Work to complete
Please reproduce the lines of the records below from the one holding "Reiss Bonded-Leather Suede" through the one holding "Christmas LED Tabletop", inclusive, skipping all pictures.

Entries shown
◇ ◇ ◇

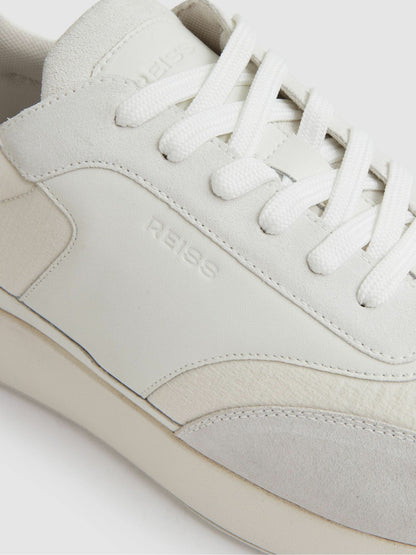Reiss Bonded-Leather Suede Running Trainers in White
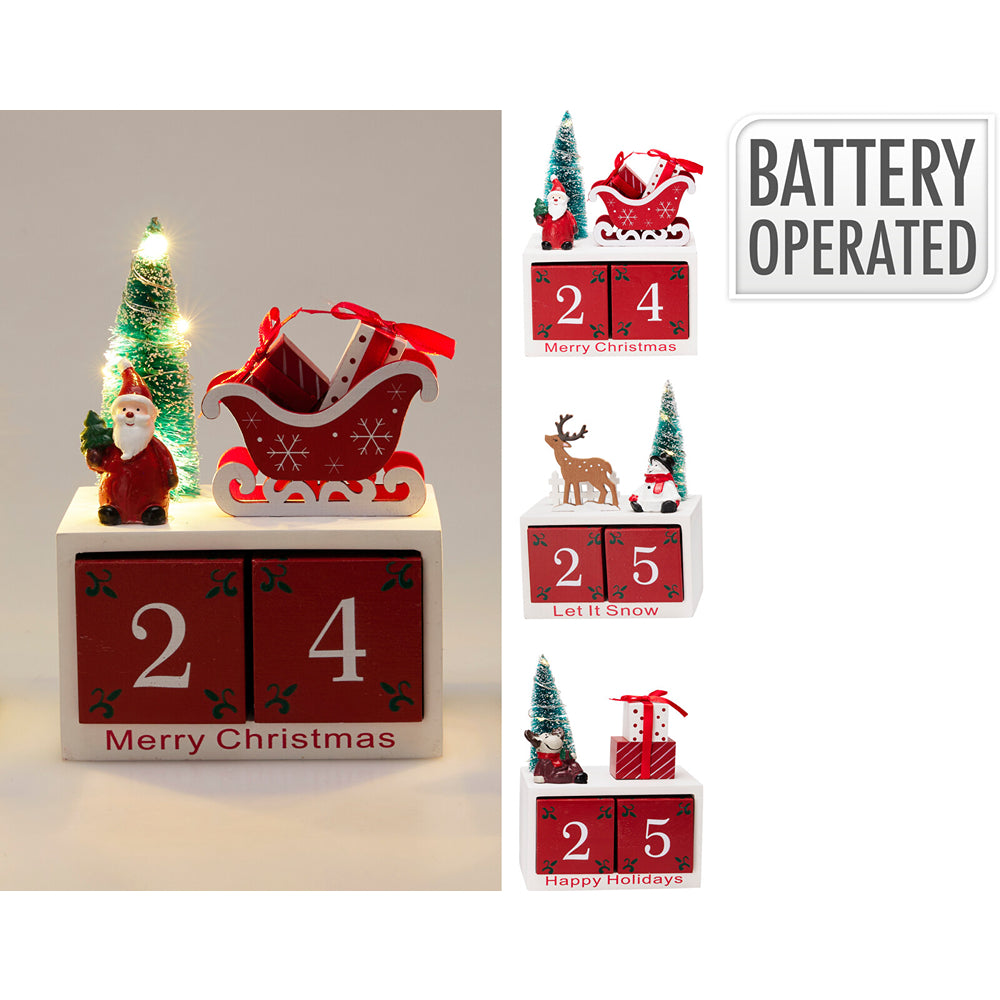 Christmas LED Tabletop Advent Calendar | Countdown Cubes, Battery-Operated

◇ ◇ ◇

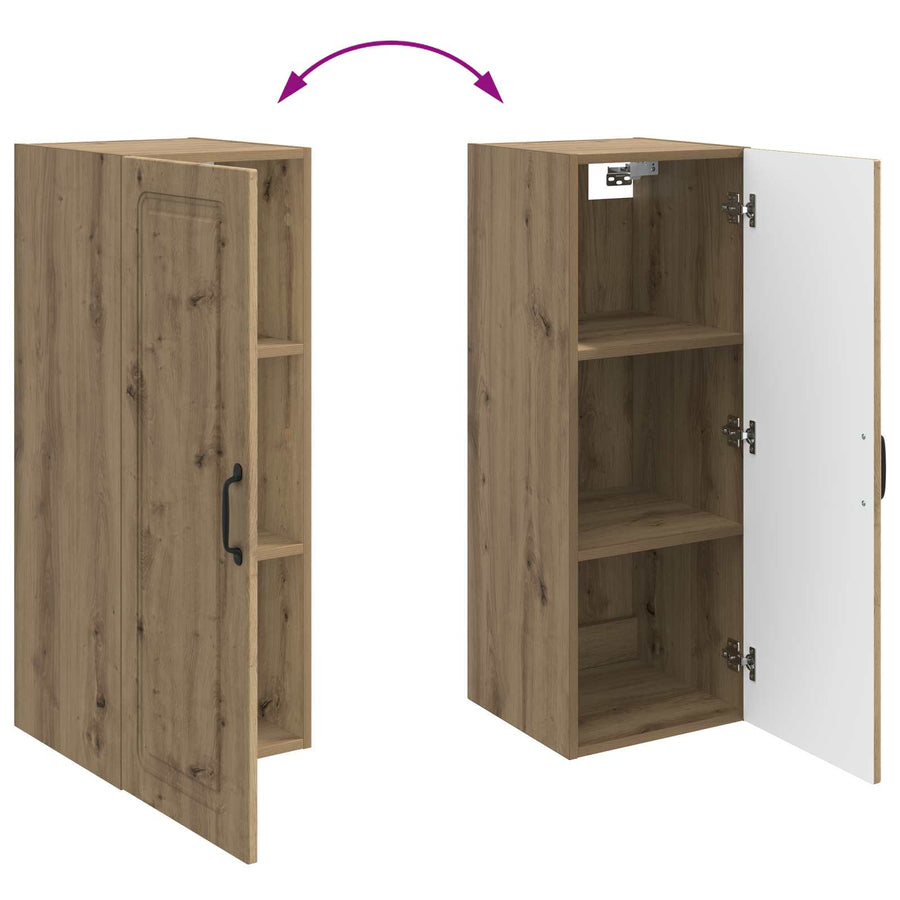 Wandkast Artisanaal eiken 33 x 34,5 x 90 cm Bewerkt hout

◇ ◇ ◇

Exercise response
Reiss Bonded-Leather Suede Running Trainers in White
 Christmas LED Tabletop Advent Calendar | Countdown Cubes, Battery-Operated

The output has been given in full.